For a Sphagnum moss pole, you'll have the option of doing a full repot, with an anchor or simply burying part of the pole, or use our ScrewStake to gently twist the pole into the soil, with the spiral pushing roots and soil out of the path of the stake.

Fastening your Monstera to train it

Then comes the initial fastening step. The plant will initially be unable to support its own weight with whatever aerial roots it has pushed out so far, so you will need to fasten the stem to your pole. This can be done using string, wire, alligator hair clips, or plant tape (a kind of velcro, also known as hook and loop). Beware that you only fasten the stems of the plant, not the leaves or petioles, and you should only tie them very lightly, not tugging or snagging the plant.

Monstera Siltepecana


Moisture is the moss pole secret sauce

The next part is MOISTURE! You have an organic surface, whether you are using a coir or moss pole, and that is enough to tell you plant to get climbing. But if you want it to truly thrive, you will need to add water to the mix, as these little aerial roots will really only grow in size if they are fed.

This is where the biggest difference between coir and sphagnum moss poles becomes clear: coir as a substrate holds moisture very poorly, requiring hours soaking to absorb any amount of water, drying out very quickly afterwards. This makes it extremely inefficient as a method to hydrate your plant and its environment, even though it will fulfil all the other requirements like support and organic surface.

Sphagnum moss can hold up to 20 times its own weight in water, making it the clear winner for root hydration. Once those roots sense the moisture that you have tied them to, they will reach out and do the rest.

Same plant, a few weeks apart.

Once you have your plant positioned and hydration within reach, you'll find that your plant will do the rest, with only minor aesthetic rearranging necessary from you.

Our favourite method: attach the Monstera using green tape (velcro)

As explained in our moss pole blog here, we like to attach our Monsteras using small strips of green gardening tape. This tape is a hook and loop material similar to velcro and it is super soft on the plants.

We like this method as it's fully flexible and adjustable, and the gardening tape is relatively inexpensive and much softer on stems than wire or rope. It can also be reused several times, which is a huge plus.
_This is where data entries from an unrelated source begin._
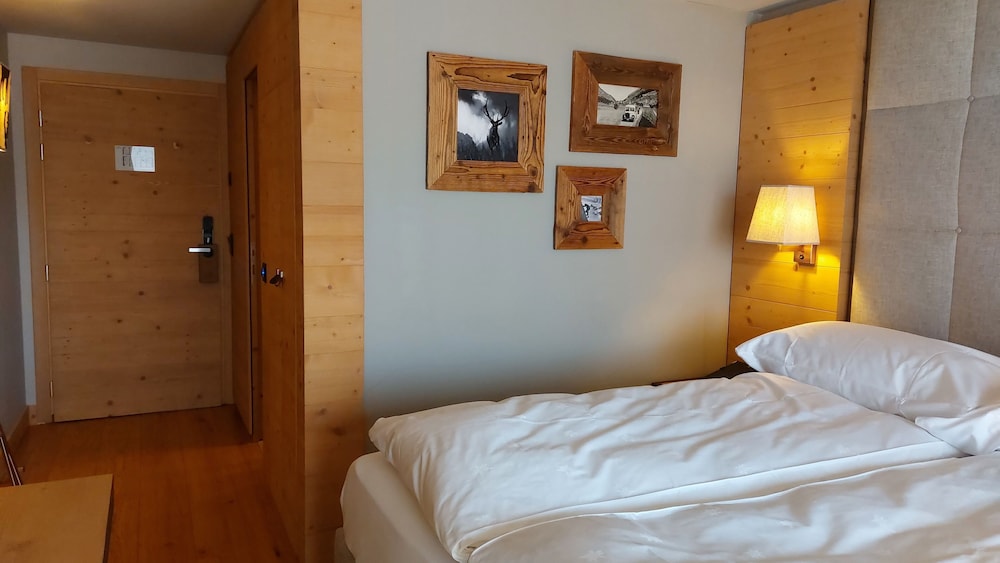 Premium Room (3, South, MI - QSOF) photo 2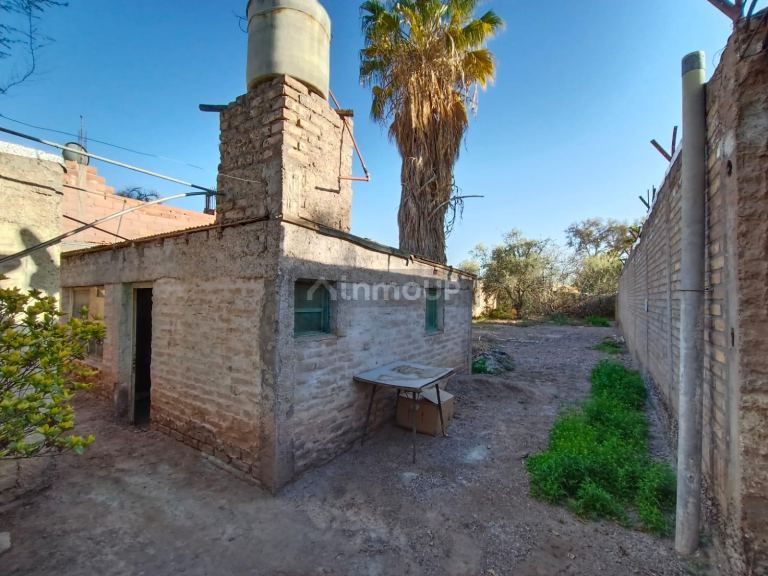 Lote en Venta en Las Heras, Mendoza
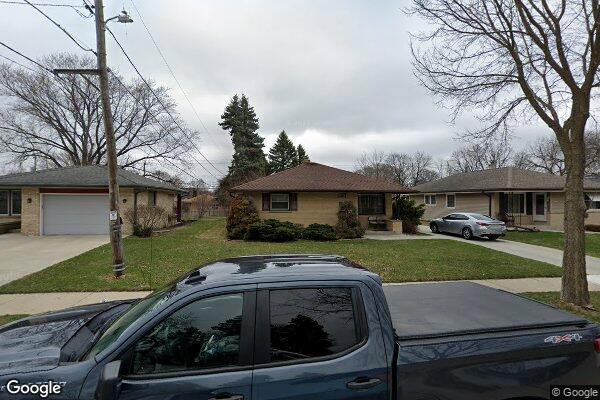 Maranatha House South (The)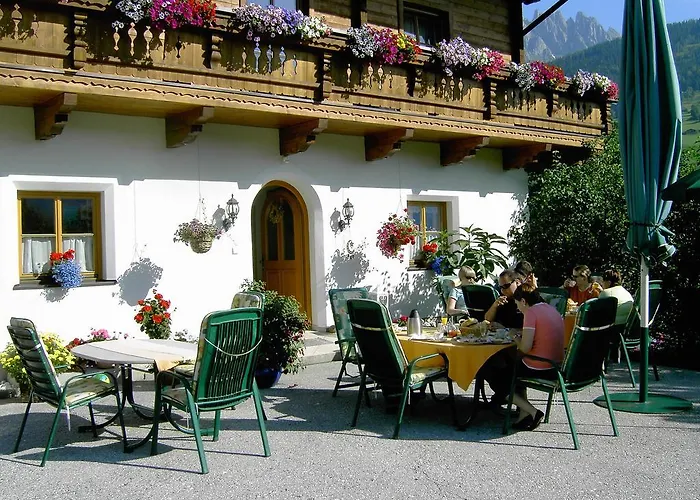 Reith-gut Mühlbach am Hochkönig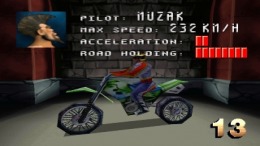 �������� ���� X.Racing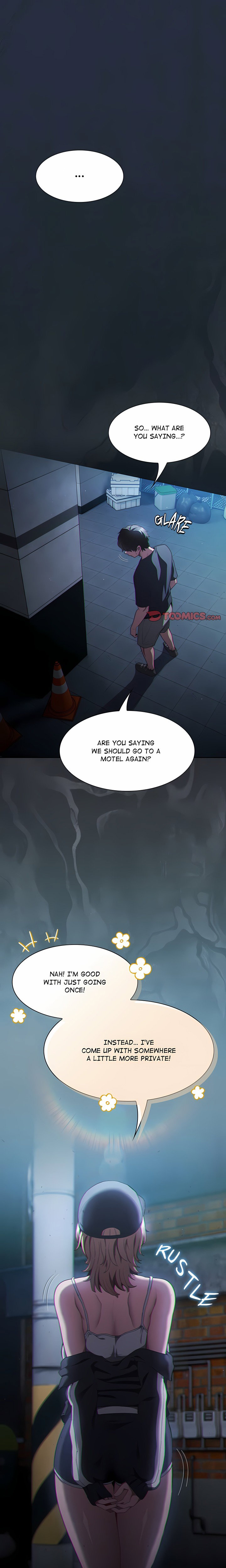 believe-me-i-offer-you-my-first-chap-45-0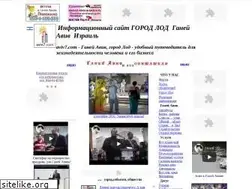 Sites similar to aviv7.com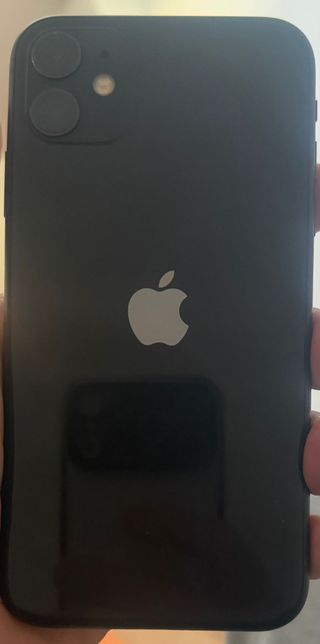iPhone 11 128GB Nero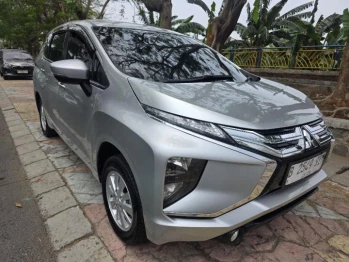 Mitsubishi Xpander 1.5L GLS Automatic 2019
The tape comes off as soon as the plant has latched on, but the extra push to bring the nodes close to the moss will speed up that rooting.

You may need to do nothing

With smaller Monsteras, you may not have to really "attach" the plant to the moss pole at all. In the picture above, you can see that we have only gently taped the stem to the bottom of the moss pole at the soil line. As it is a young plant only just beginning its growth, bringing it close to the moss pole will be enough to ensure it latches on quickly.
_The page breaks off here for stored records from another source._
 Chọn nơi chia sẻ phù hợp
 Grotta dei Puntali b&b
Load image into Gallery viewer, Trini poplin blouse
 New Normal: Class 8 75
Larger Monsteras with multiple stems may require more velcro and positioning, but we don't recommend dragging your plant into complex shapes, as the stems are not as flexible as those of, say, a hoya.

The attaching will happen with time

Monsteras love moss poles and will grow aerial roots that will grow into your moss pole (having moisture in your moss pole will speed this up as mentioned). So with time, your Monstera plant will become more surely attached and enmeshed with the moss pole, and you won't have to do anything. 

Secure the moss pole

One of the main benefits of using moss poles is that they provide climbing and vertical support for your plants. You will want to ensure that your pole remains vertical, as moss poles have a tendency to become top heavy very quickly!

Some external support will inevitably be necessary, but not to worry, we've got you covered. Another good method to keep your moss pole from tipping over is to hang it via a wire anchored into your ceiling.